(Stored data entries)

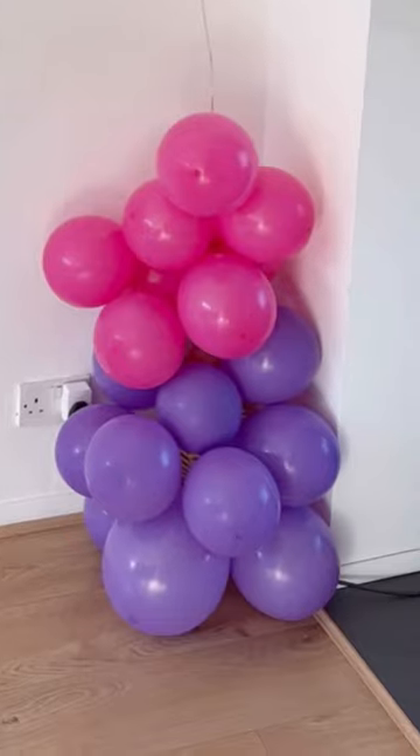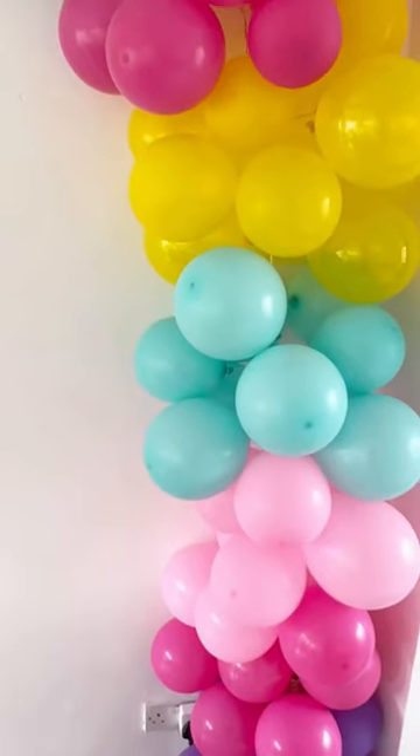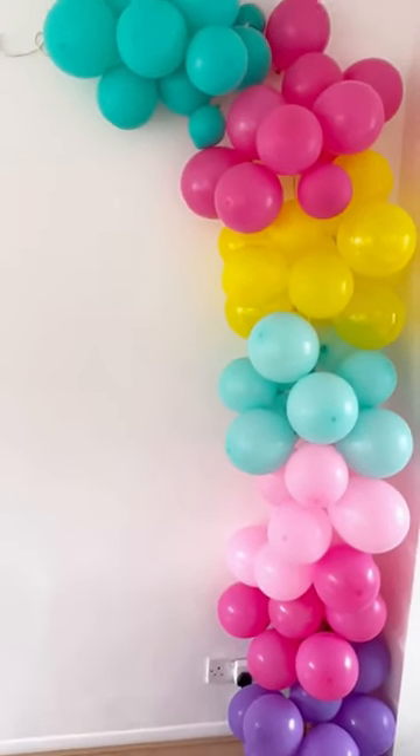I arranged mine in colour order, but you can place them anywhere you like. Carry on all the way up, then fill in any gaps with your small balloons.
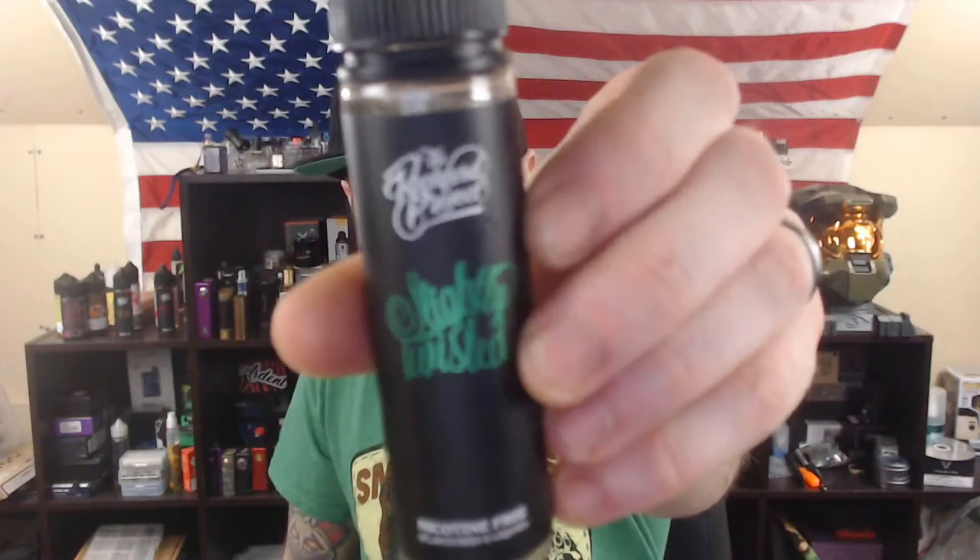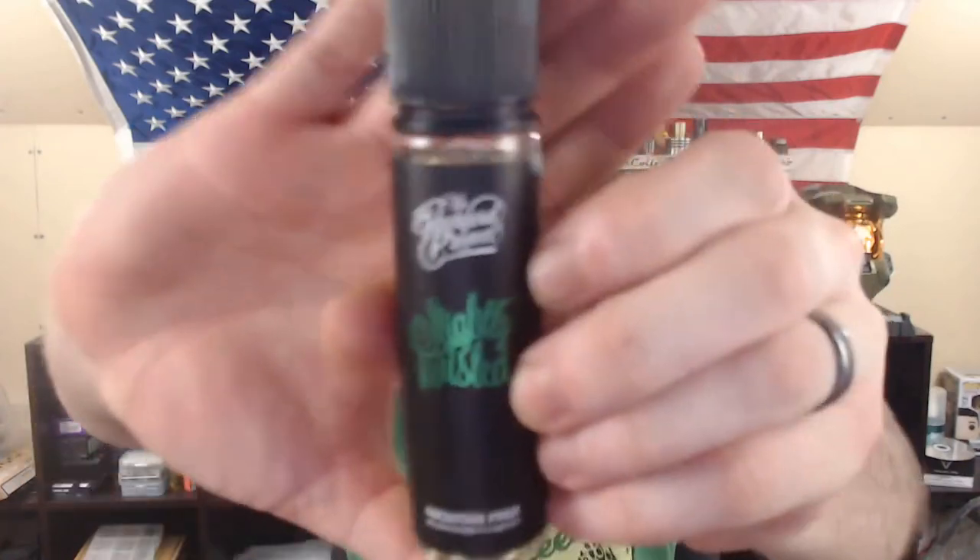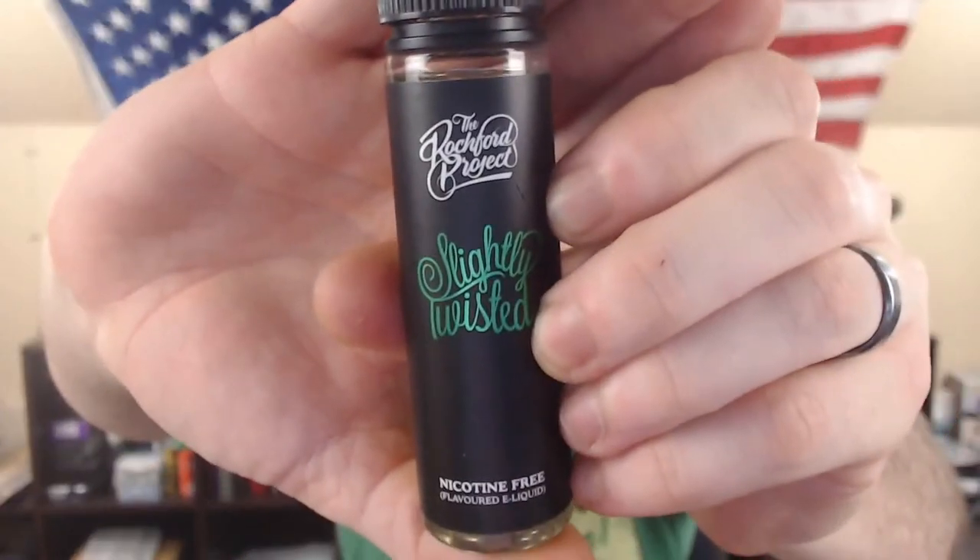What's up guys, welcome to another Lethal's Vape Reviews. Today we're going to be reviewing another juice sent to me for the purposes of this review. We're going to be taking a look at the Rochford Project's Slightly Twisted — a mixed citrus fruits and candy, a mixture of sweet citrus fruits.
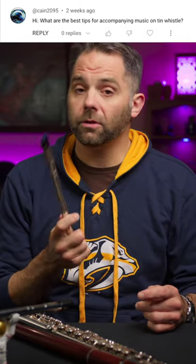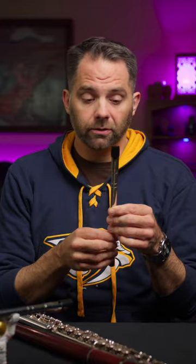This is a cool one — tips for accompanying music on the whistle. I assume you're talking about songs at that point. If we're talking about tunes, jigs and reels, then your job is to play the jigs and reels. But if we're talking about songs...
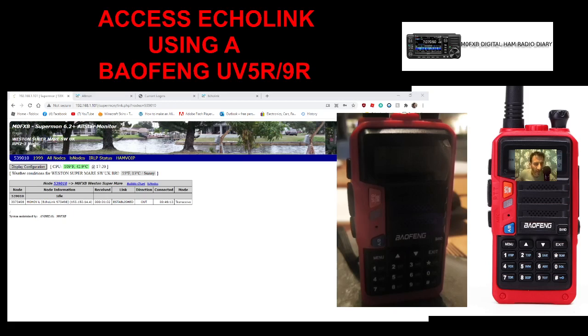That effectively gets you into the All-Star system. By changing some of the settings in the All-Star box, you can use your cheap Baofeng radio — or an expensive radio — to get into the Echolink system, which opens up a whole new world: thousands and thousands of connections on Echolink without being tied to your computer or smartphone.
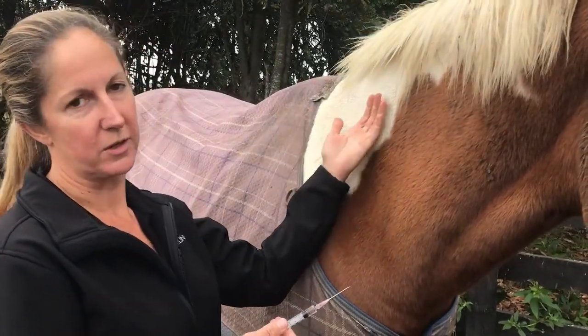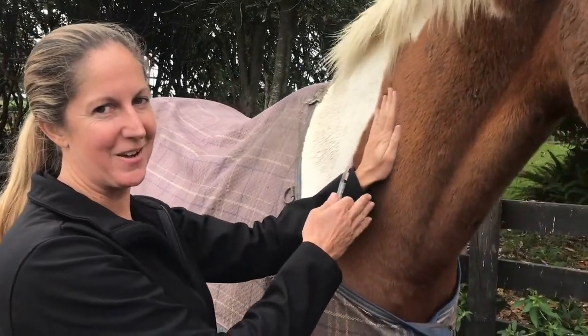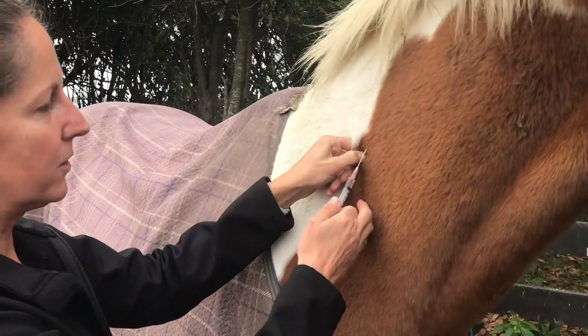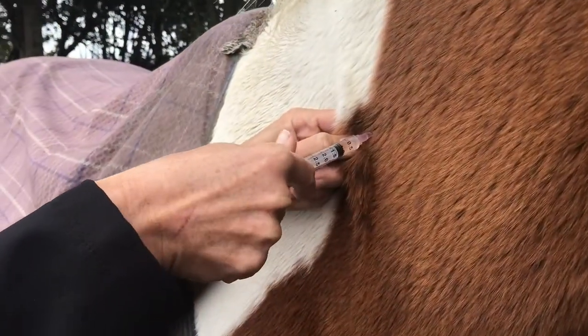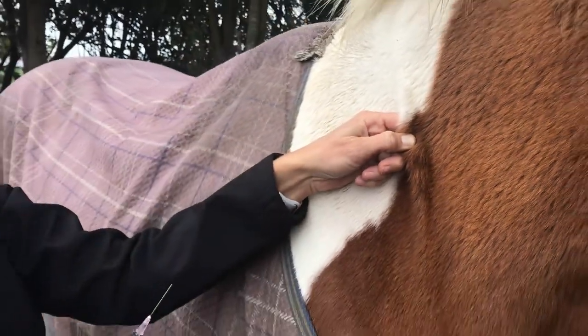She may be a little touchy now that we have to stick her a second time, but going through the landmarks again, we'll go in a new spot. Draw back — no blood this time. And inject. Very good.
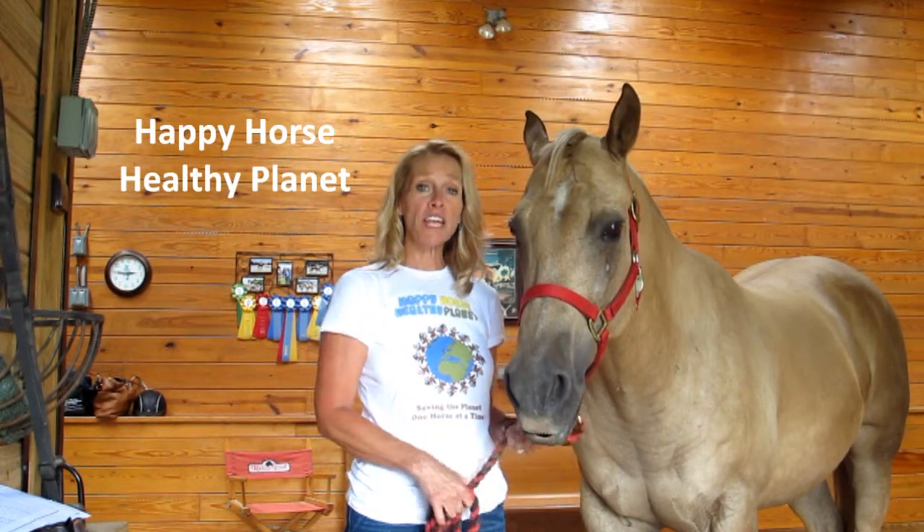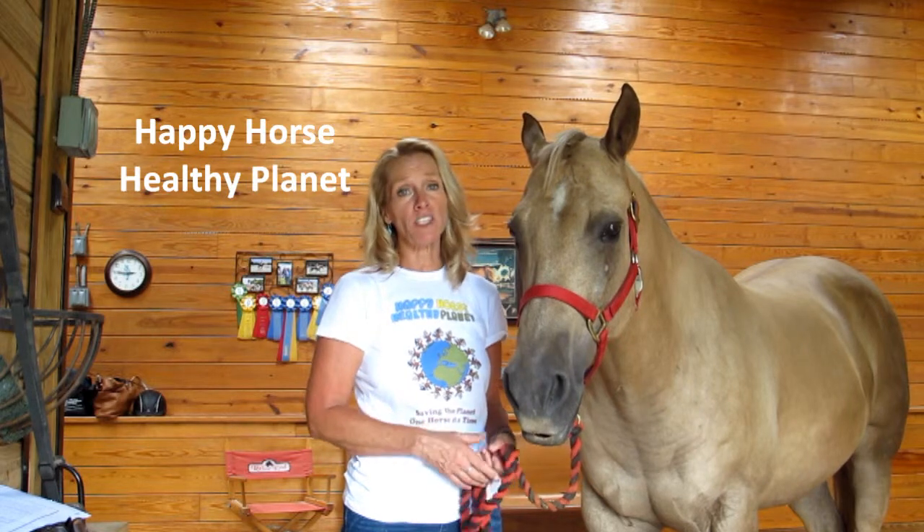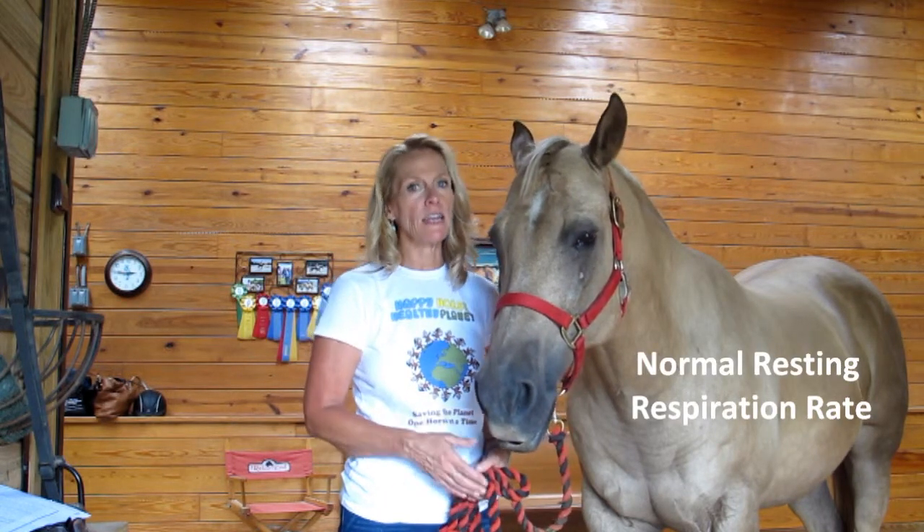Hi, this is Laura from Happy Horse Healthy Planet. Another step in our health assessment is respiration. You want to make sure you know what your horse's normal resting respiration rate is so you can tell if he's in any kind of stress.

§ **Exercise**
Copy exactly the lines that run from the line containing "That effectively gets" to the end of the data, keeping both end lines and dropping every picture.

§ **Response to the task**
That effectively gets you into the All-Star system. By changing some of the settings in the All-Star box, you can use your cheap Baofeng radio — or an expensive radio — to get into the Echolink system, which opens up a whole new world: thousands and thousands of connections on Echolink without being tied to your computer or smartphone.
She may be a little touchy now that we have to stick her a second time, but going through the landmarks again, we'll go in a new spot. Draw back — no blood this time. And inject. Very good.
Hi, this is Laura from Happy Horse Healthy Planet. Another step in our health assessment is respiration. You want to make sure you know what your horse's normal resting respiration rate is so you can tell if he's in any kind of stress.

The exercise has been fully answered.